Supplied entries: Begin
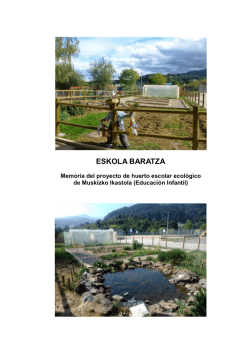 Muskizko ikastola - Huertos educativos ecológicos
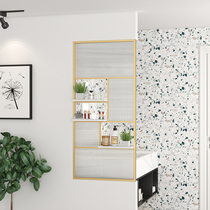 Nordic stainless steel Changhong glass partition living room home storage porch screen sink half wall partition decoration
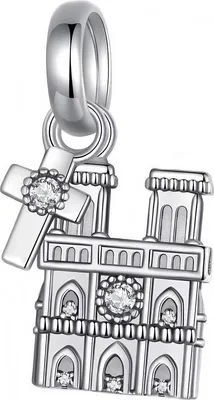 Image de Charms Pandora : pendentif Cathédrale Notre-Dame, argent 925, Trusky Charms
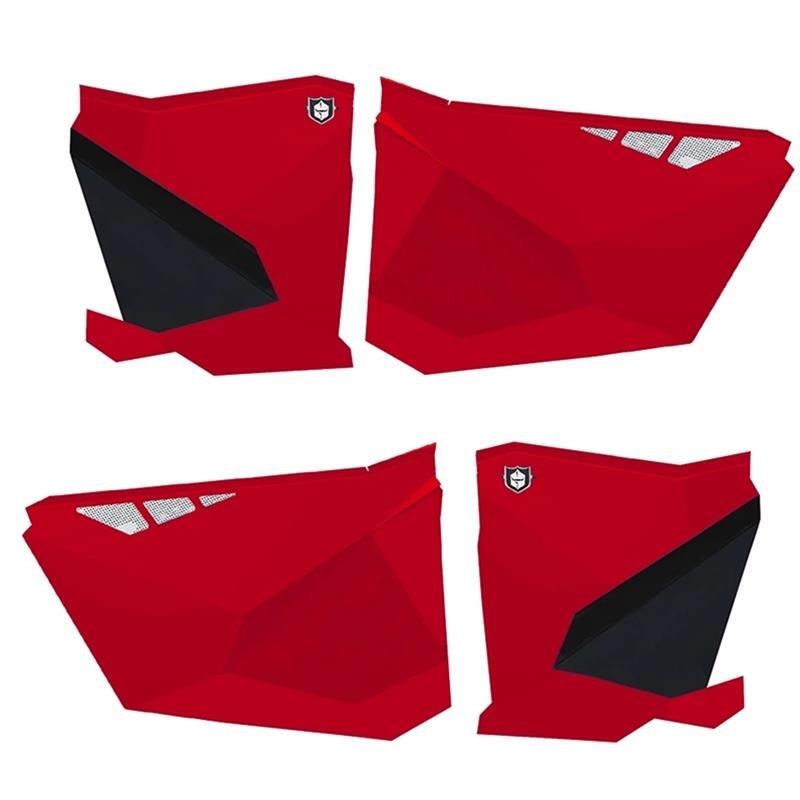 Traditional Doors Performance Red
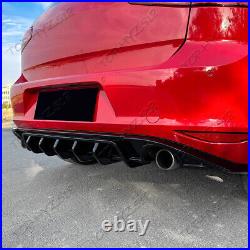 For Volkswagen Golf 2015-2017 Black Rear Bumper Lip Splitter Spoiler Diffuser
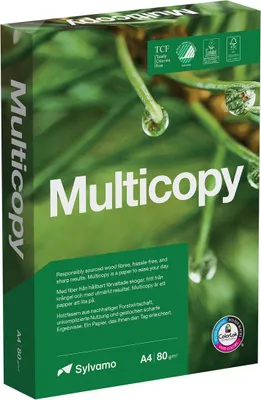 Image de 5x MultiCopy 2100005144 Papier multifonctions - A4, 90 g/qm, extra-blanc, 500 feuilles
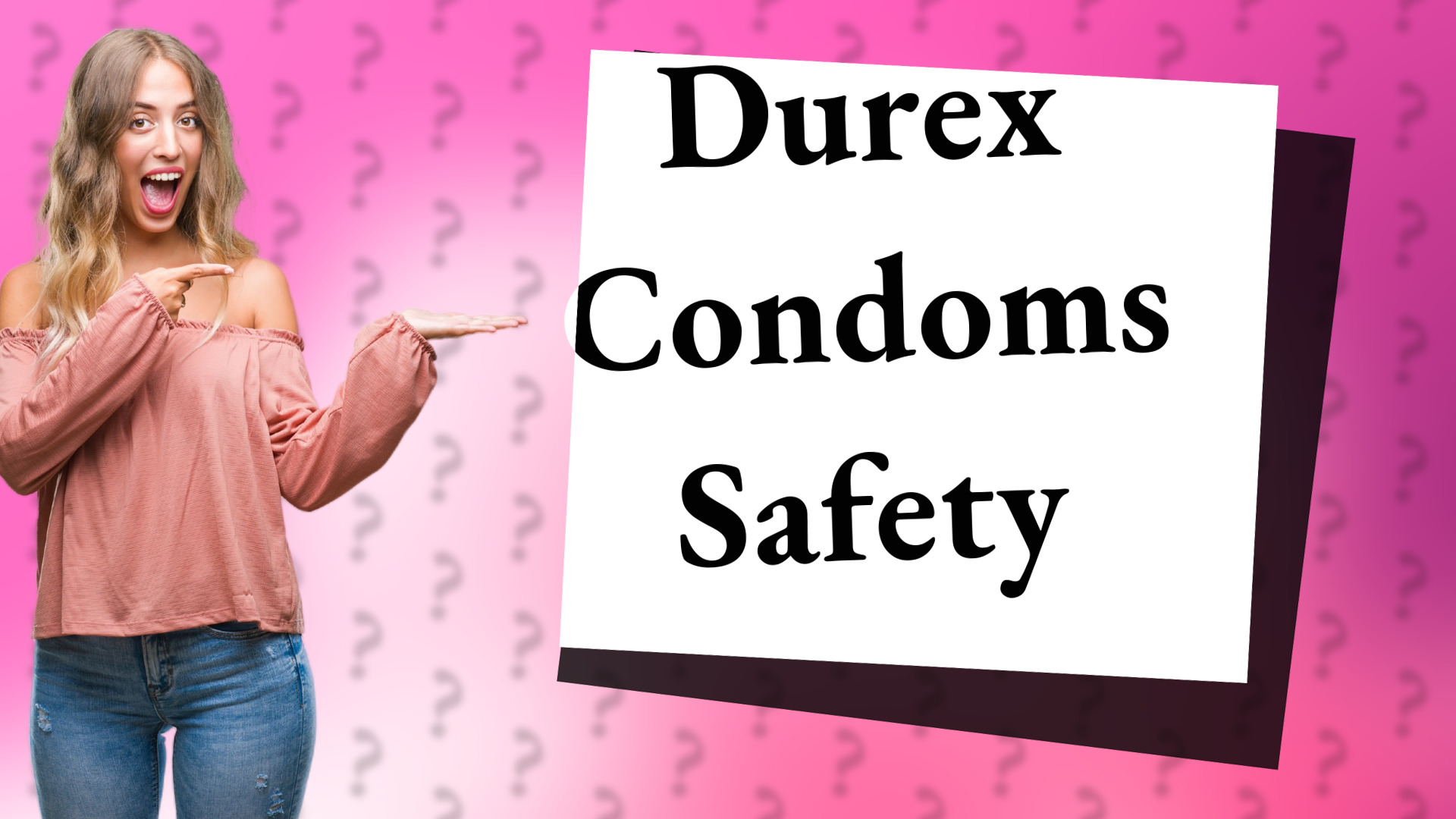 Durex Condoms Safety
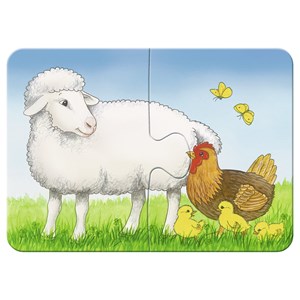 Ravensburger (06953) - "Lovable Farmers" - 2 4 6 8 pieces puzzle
Supplied entries: End
Supplied entries: Begin
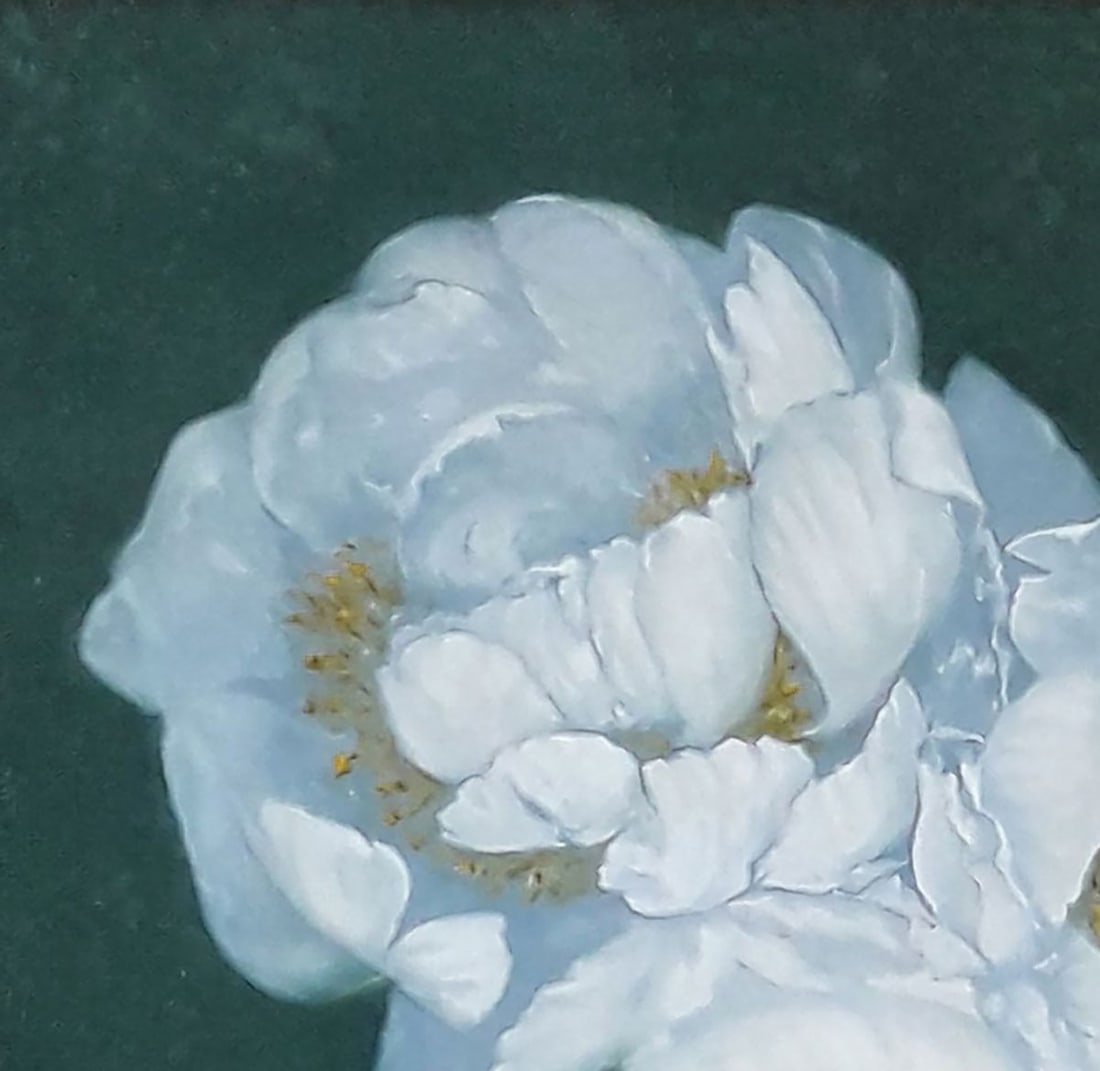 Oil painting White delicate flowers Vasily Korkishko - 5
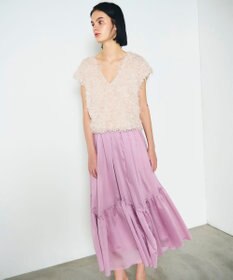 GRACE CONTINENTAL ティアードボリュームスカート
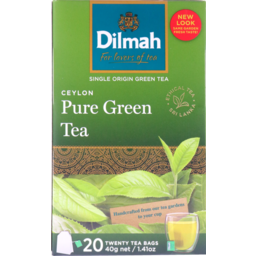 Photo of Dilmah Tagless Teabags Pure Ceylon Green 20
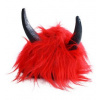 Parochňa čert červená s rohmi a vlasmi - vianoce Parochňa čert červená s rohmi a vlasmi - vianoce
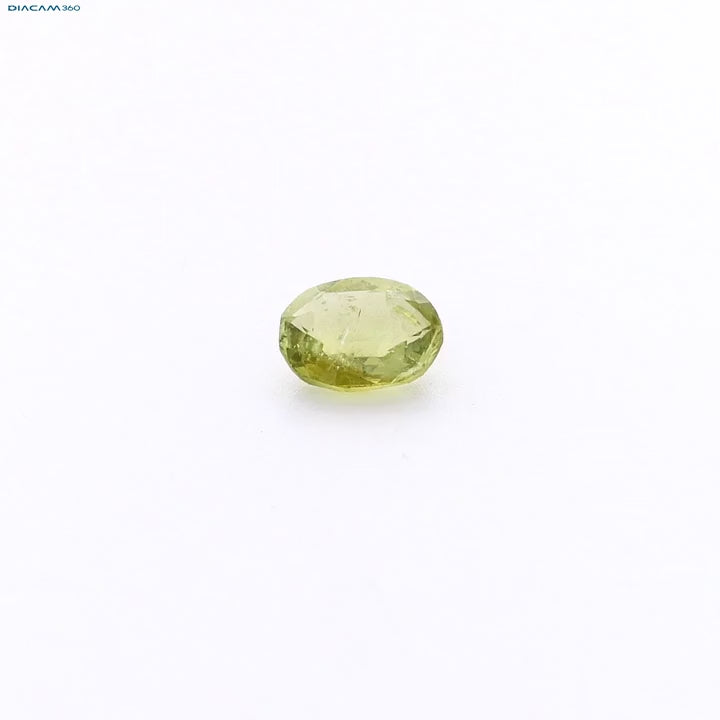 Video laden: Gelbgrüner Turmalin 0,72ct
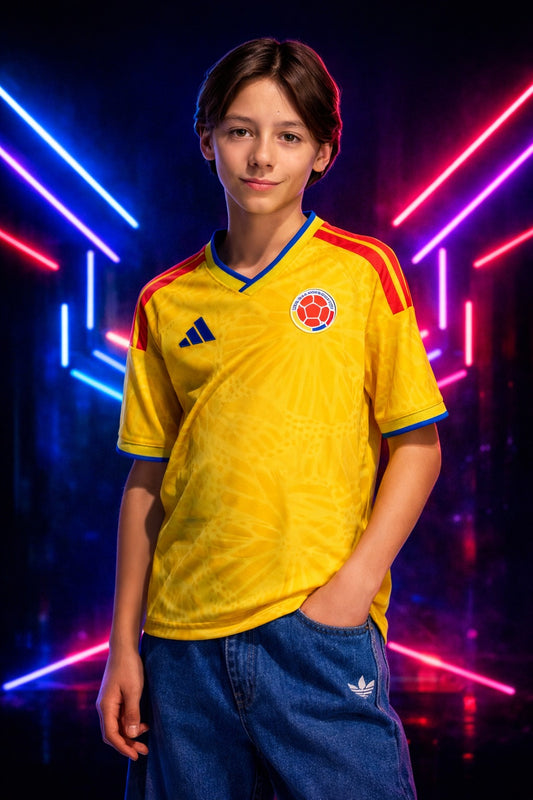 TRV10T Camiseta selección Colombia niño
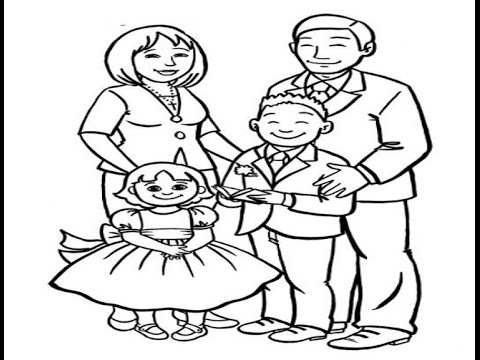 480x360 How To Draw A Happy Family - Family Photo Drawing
Supplied entries: End
> What to do
Would you restate, exactly and with no pictures, the lines of the entries above from the one containing "Oil painting White" through the one containing "480x360 How To"?

> Solution to the exercise
 Oil painting White delicate flowers Vasily Korkishko - 5
 GRACE CONTINENTAL ティアードボリュームスカート
 Photo of Dilmah Tagless Teabags Pure Ceylon Green 20
 Parochňa čert červená s rohmi a vlasmi - vianoce Parochňa čert červená s rohmi a vlasmi - vianoce
 Video laden: Gelbgrüner Turmalin 0,72ct
 TRV10T Camiseta selección Colombia niño
 480x360 How To Draw A Happy Family - Family Photo Drawing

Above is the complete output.